Records for the exercise:
——

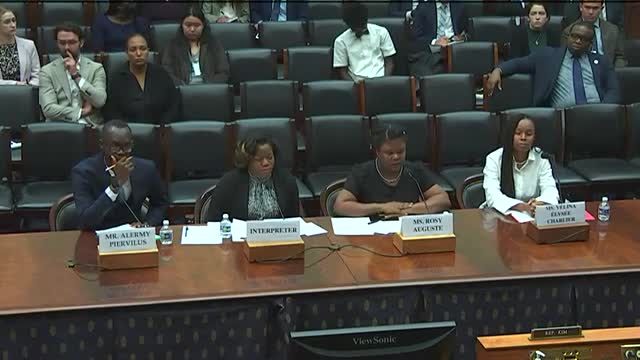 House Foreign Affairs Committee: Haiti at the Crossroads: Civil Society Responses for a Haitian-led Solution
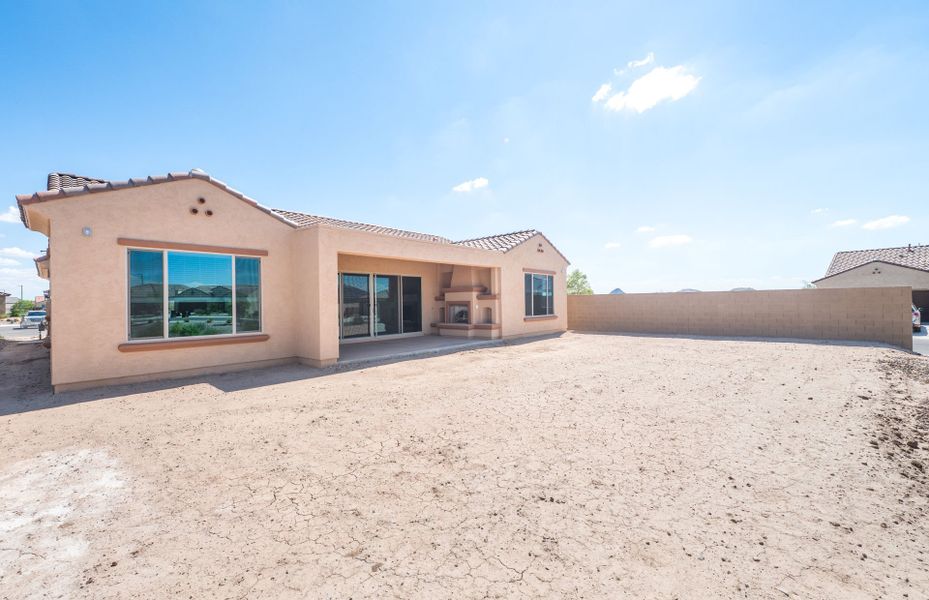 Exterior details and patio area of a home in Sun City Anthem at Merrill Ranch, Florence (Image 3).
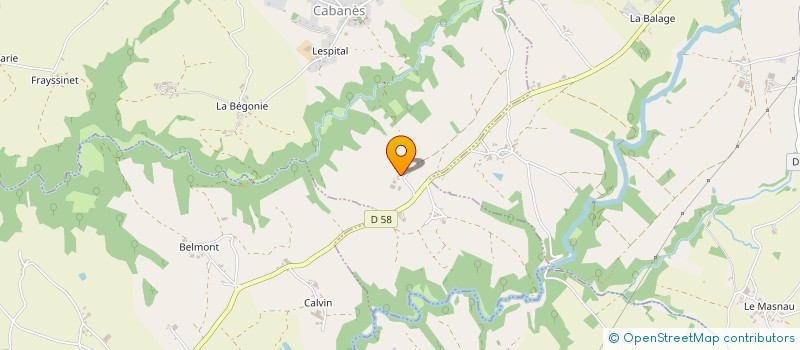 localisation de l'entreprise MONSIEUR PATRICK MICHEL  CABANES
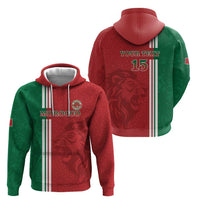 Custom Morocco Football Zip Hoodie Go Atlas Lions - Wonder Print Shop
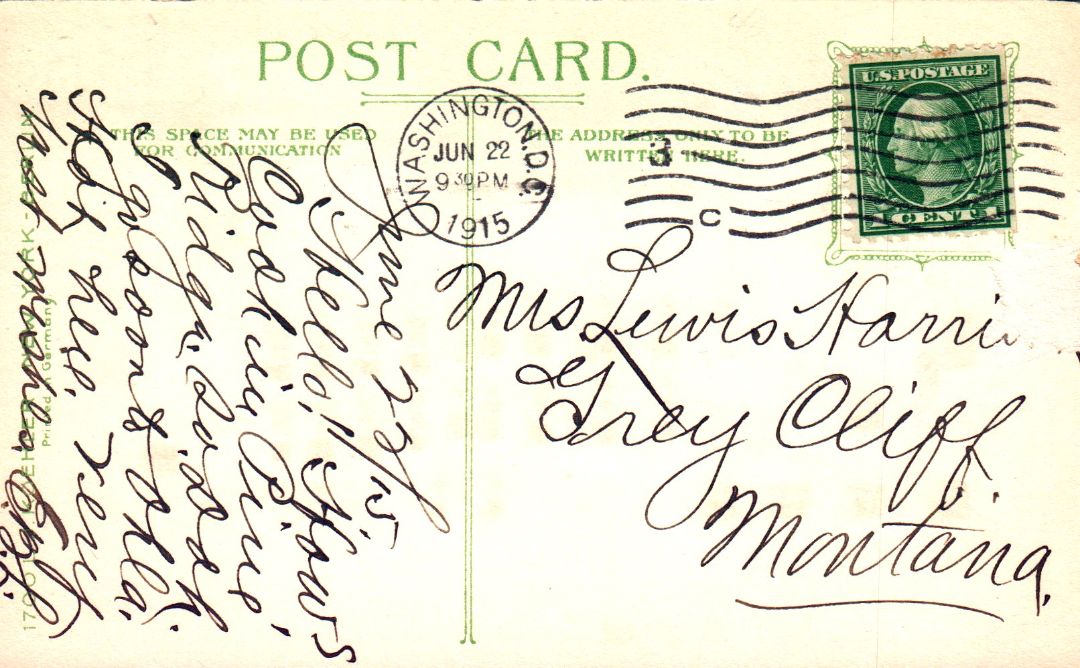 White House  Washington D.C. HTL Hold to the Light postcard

——

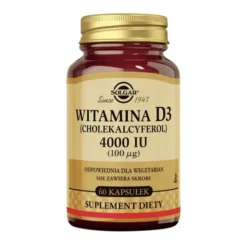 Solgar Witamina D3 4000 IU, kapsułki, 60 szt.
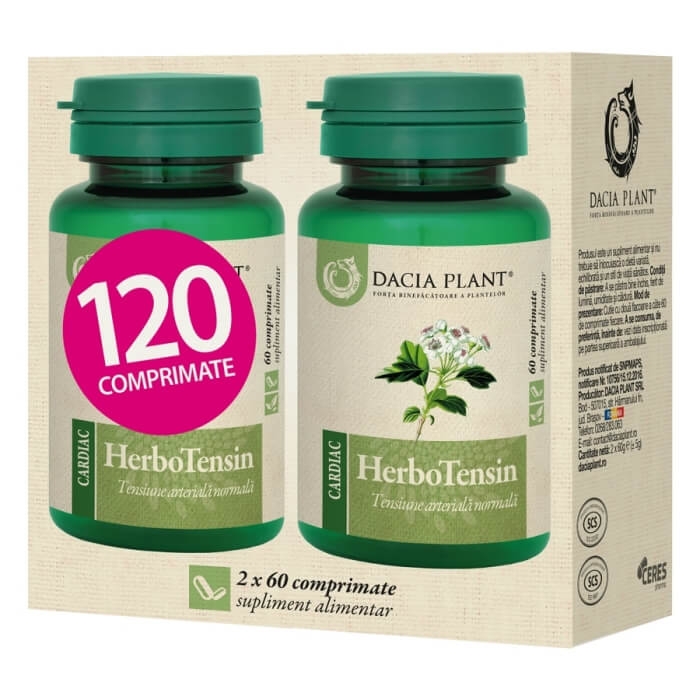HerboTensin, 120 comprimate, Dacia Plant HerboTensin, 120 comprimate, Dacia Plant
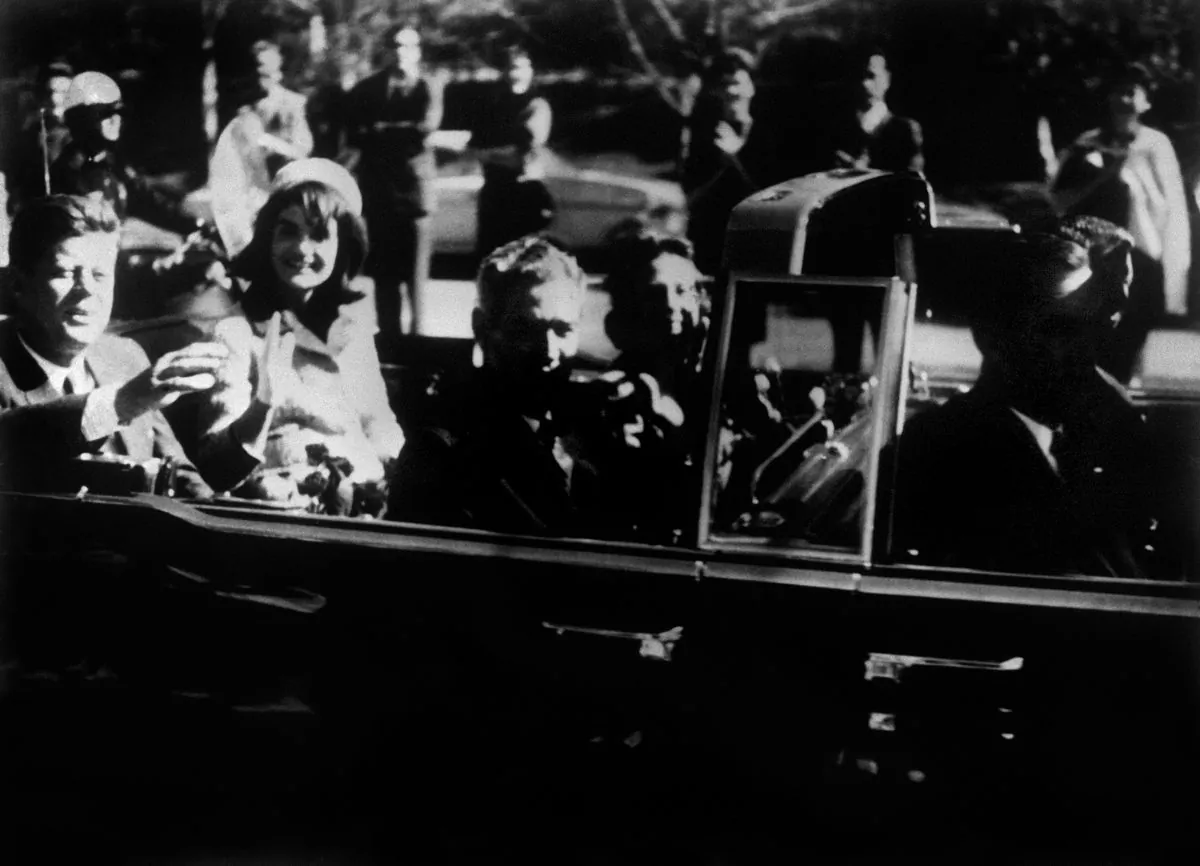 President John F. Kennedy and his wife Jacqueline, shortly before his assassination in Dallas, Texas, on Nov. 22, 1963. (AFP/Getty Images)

——

Task instructions:
Above are records; write out the lines from the one with "localisation de l'entreprise" down to the one with "the Light postcard", exactly, leaving the pictures out.

Written response:
 localisation de l'entreprise MONSIEUR PATRICK MICHEL  CABANES
 Custom Morocco Football Zip Hoodie Go Atlas Lions - Wonder Print Shop
 White House  Washington D.C. HTL Hold to the Light postcard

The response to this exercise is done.